::: Records for the task :::

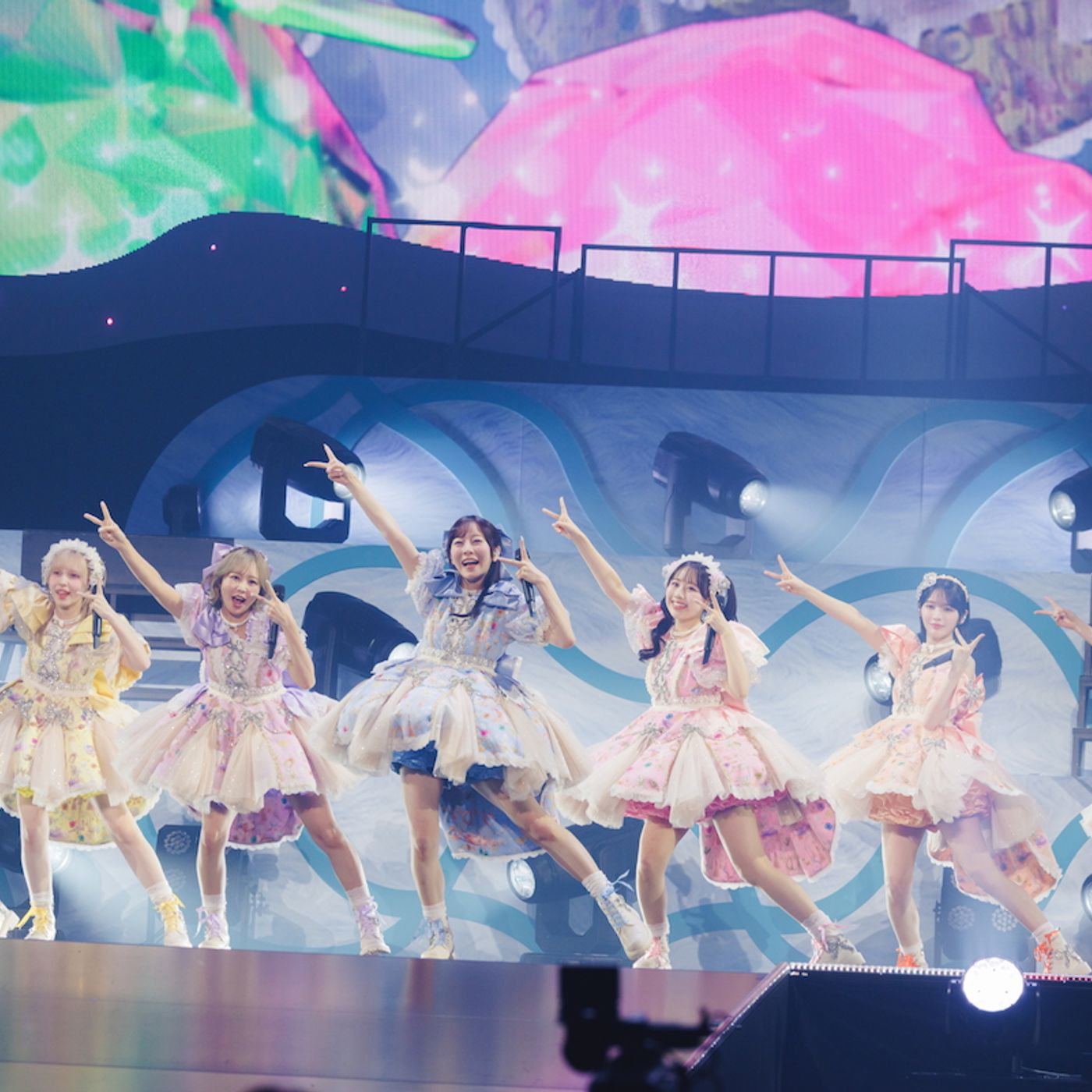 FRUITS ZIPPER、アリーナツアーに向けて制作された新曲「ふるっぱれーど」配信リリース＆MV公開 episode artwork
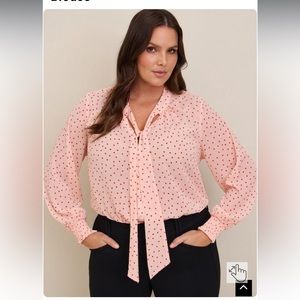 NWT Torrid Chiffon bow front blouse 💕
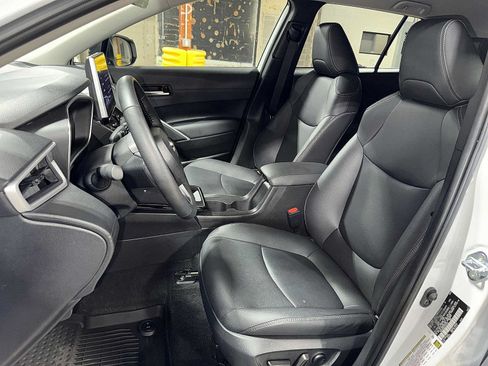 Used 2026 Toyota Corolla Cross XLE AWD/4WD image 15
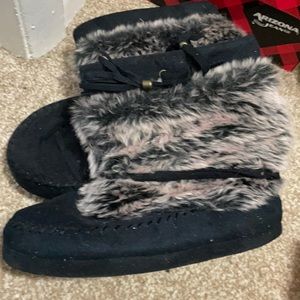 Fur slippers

:::
::: Records for the task :::

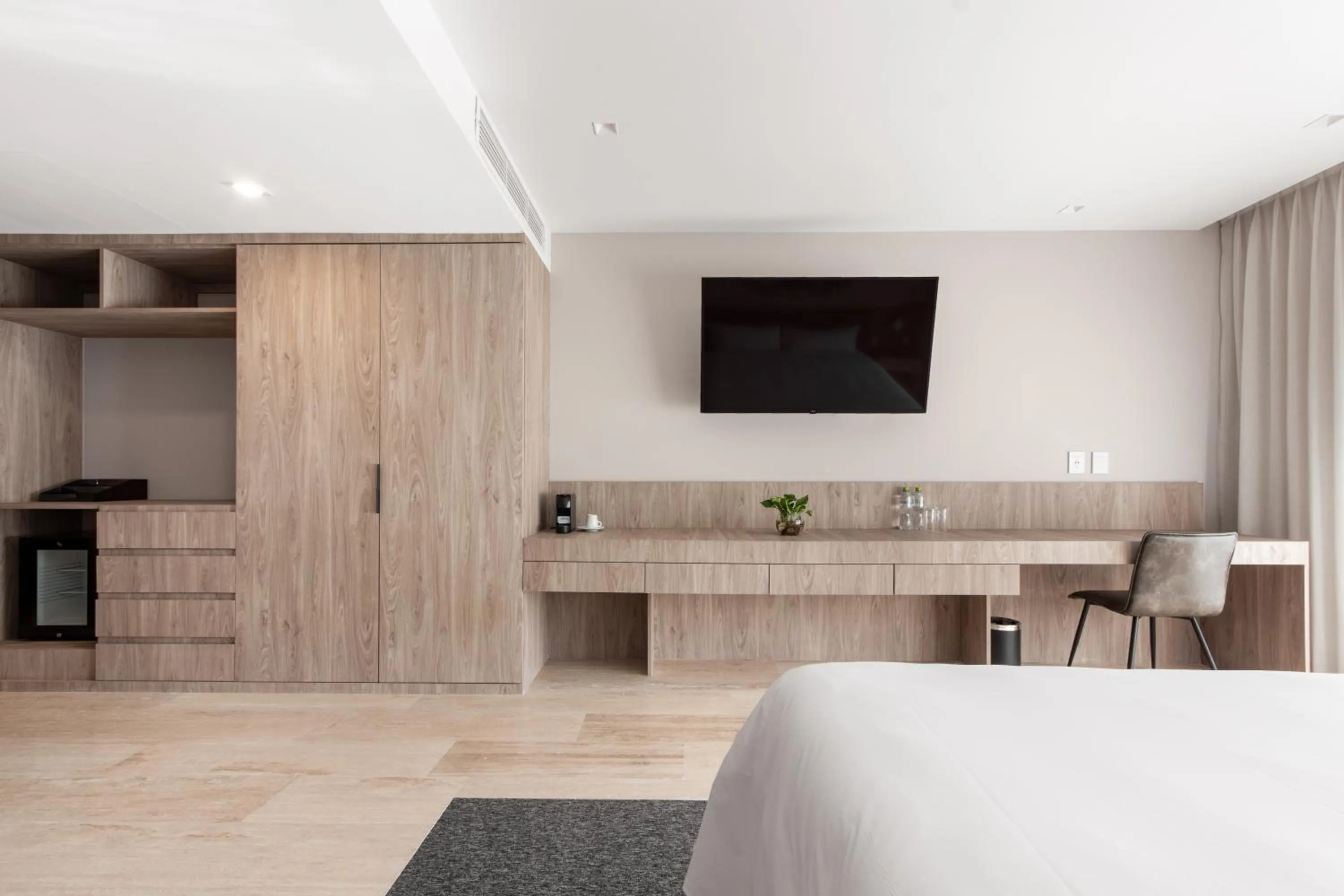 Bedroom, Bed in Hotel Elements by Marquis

:::

◆ **Your goal**: Copy exactly, without pictures, the lines above from the one with "FRUITS ZIPPER、アリーナツアーに向けて制作された新曲「ふるっぱれーど」配信リリース＆MV公開 episode" down to the one with "Fur slippers", inclusive.

◆ **Result of the exercise**:
 FRUITS ZIPPER、アリーナツアーに向けて制作された新曲「ふるっぱれーど」配信リリース＆MV公開 episode artwork
 NWT Torrid Chiffon bow front blouse 💕
 Used 2026 Toyota Corolla Cross XLE AWD/4WD image 15
 Fur slippers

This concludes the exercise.